Retailing from $36 for a bandana to $248 for a jumper, Beard describes her label as “riding that fine line between being relevant and having longevity.” Pieces are classic yet stylish, simple yet chic, and cut to flatter a wide range of body types. And because the fabric is pre-washed before it’s cut, each item is soft to the touch and fits true to size.

“While we do pieces like jumpsuits that are trending right now we make it completely and totally wearable and something that’s a little easier for our customer to understand,” she noted.

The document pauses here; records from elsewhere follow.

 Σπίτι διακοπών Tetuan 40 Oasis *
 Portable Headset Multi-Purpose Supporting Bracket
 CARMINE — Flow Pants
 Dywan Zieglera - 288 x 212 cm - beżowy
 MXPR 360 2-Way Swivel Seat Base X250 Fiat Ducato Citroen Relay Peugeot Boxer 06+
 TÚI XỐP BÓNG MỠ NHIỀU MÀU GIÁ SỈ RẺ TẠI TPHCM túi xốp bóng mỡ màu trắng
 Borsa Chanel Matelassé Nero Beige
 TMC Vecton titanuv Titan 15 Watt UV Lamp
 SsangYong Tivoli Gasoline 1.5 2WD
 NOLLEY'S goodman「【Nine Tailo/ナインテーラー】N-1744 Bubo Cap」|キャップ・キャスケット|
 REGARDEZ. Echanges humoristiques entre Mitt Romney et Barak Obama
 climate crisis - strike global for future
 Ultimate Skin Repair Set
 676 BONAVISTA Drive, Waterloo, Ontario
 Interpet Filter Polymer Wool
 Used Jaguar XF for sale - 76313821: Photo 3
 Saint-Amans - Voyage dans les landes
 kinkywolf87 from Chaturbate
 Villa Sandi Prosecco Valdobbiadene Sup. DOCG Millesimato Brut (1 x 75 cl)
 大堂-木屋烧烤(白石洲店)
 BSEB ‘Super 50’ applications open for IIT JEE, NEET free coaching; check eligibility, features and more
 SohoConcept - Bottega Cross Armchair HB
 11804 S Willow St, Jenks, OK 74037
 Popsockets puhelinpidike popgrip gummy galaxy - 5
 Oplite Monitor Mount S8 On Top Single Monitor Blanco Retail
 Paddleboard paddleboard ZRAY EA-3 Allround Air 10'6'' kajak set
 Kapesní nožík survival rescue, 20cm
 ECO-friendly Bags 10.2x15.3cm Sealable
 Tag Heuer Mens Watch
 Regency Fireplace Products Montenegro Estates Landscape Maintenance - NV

Likewise, tunics, button-front tops, midi-dresses, scoop-back tees and sweaters in a palette of indigo blues, black and natural shades transition between seasons as easily as they move from day to night. The line will grow in Fall ’15 with the addition of such lightweight outerwear options as duster coats as well as a kimono-style flip dress.

Carried at the likes of TenOverSix in Los Angeles and Dallas, Exodus Goods in New Orleans (co-owned by Solange Knowles) and Sunroom in Austin, Beard is pleased with how her line has progressed in the past year. Less is always more in her book, she said.

Targeting customers who “care a little more,” she described the Esby fan as having “a bit of a fashion sense while also staying informed on environmental issues and proven production issues. She follows loyal fashion ways as opposed to fast fashion. She understands that we represent quality and that being made in the U.S.A. gives that to you.”